A rede Savegnago Supermercados, da família de mesmo nome e R$ 3 bilhões em vendas anuais, tem aberto de 3 a 4 lojas ao ano (cerca de 10% da base total de pontos do grupo), com investimentos entre R$ 15 milhões e R$ 20 milhões em cada ponto. Com sede em Sertãozinho (SP), a empresa cresceu 17% em vendas em 2017.
Outra operação, o grupo Muffato, dos irmãos Muffato, com pontos no Paraná, Minas Gerais e São Paulo, abriu três lojas no primeiro semestre – média de uma a cada dois meses. Oriunda de Cascavel (PR), a rede tem força maior no Paraná, onde o varejo cresceu 3,2% em 2017, segundo o IBGE, acima dos 2,2% do varejo no ano. Em 2017, a empresa se expandiu 18%.

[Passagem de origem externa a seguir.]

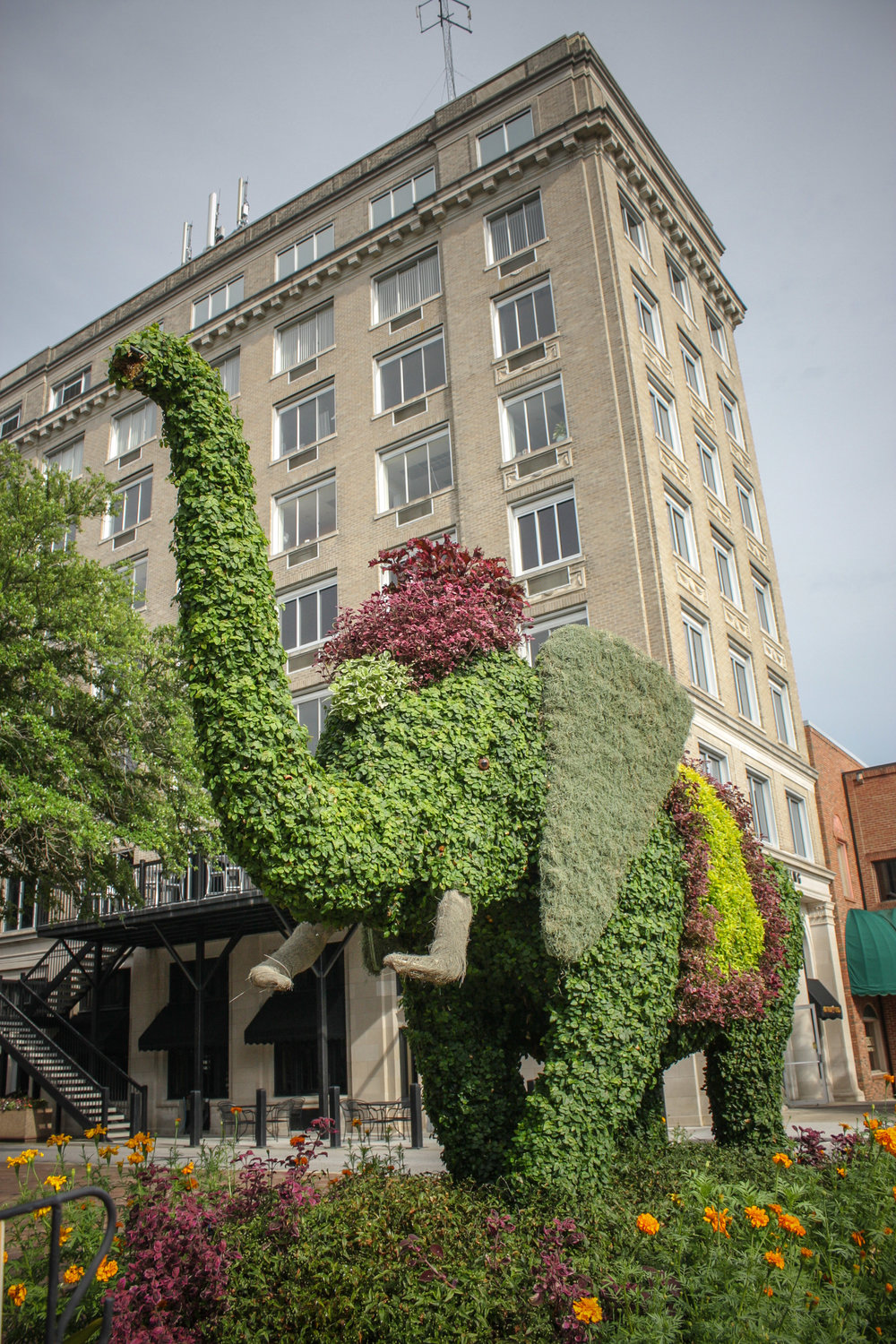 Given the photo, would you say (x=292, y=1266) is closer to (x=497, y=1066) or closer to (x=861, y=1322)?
(x=497, y=1066)

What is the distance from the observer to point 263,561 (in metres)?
6.32

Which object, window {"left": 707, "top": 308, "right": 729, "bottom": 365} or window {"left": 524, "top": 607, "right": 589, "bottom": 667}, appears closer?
window {"left": 524, "top": 607, "right": 589, "bottom": 667}

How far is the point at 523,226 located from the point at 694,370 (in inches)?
246

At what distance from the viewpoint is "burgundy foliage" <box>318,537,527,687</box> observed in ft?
23.9

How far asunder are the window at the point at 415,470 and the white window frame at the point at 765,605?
9336 mm

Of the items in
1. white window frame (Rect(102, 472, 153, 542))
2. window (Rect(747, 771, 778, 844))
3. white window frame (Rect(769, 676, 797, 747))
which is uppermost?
white window frame (Rect(102, 472, 153, 542))

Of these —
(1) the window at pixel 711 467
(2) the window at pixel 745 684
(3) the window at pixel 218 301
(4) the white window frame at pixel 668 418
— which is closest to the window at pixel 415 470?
(4) the white window frame at pixel 668 418

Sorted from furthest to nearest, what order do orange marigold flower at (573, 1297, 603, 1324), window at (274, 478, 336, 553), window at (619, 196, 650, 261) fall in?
1. window at (274, 478, 336, 553)
2. window at (619, 196, 650, 261)
3. orange marigold flower at (573, 1297, 603, 1324)

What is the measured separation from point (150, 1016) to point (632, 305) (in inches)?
826

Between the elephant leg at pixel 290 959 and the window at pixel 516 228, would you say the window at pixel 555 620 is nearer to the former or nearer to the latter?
the window at pixel 516 228

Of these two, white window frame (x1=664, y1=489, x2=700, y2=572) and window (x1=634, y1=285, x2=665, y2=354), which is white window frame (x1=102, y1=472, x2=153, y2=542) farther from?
white window frame (x1=664, y1=489, x2=700, y2=572)

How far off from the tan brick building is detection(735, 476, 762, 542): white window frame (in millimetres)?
94

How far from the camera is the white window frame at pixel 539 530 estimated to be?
21.5 meters

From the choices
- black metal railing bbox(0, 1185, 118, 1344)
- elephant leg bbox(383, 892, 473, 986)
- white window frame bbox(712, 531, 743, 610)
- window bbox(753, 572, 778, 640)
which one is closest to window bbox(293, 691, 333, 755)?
white window frame bbox(712, 531, 743, 610) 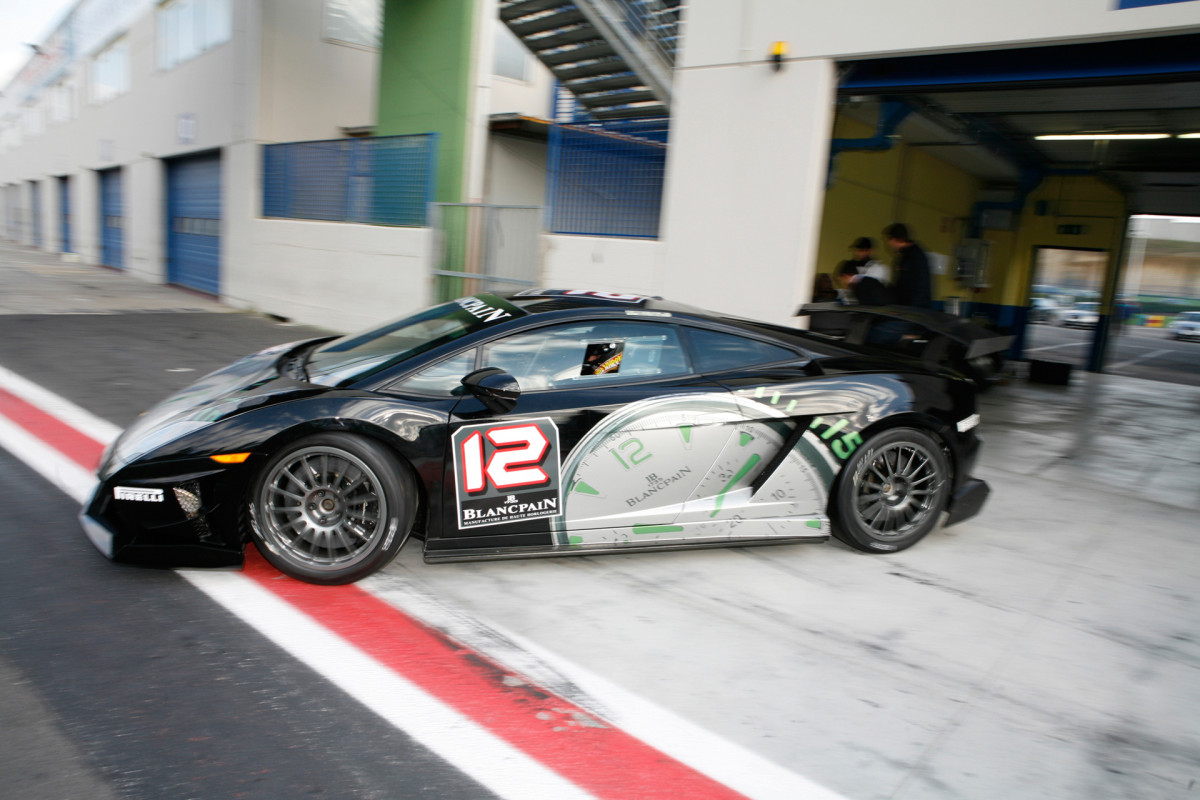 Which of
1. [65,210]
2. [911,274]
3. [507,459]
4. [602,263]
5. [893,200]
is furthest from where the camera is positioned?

“Entendemos cada cidade e até cada loja como se fosse única”, diz Beto Pereira, presidente do grupo Pereira, com sede no Mato Grosso do Sul, e dono do Comper Supermercados e das atacadistas Bate Forte e Fort. São 64 pontos em cinco Estados. A maioria das lojas são de atacarejo, negócio que mais cresce no varejo alimentar.
“Nossa expectativa, é de, no mínimo, manter neste ano o patamar de crescimento de cerca de 20% visto em 2017. Desde o ano passado, abrimos 10 unidades. Até o fim de 2018 ainda devemos abrir pelo menos mais 3 lojas”.
Nessas redes, há exposição forte de marcas de produtos da região e também são fechados acordos comerciais com fornecedores que buscam alternativas para não depender só das grandes cadeias. Ainda tem sido oferecidos serviços percebidos como de alto valor pelo cliente. Isso ocorre em setores de açougue ou padaria, por exemplo. “Em determinadas cidades, o consumidor vai a uma certa loja porque gosta do corte da carne daquele açougueiro que ele conhece. É uma competição em que as exigências são outras”, diz Araujo.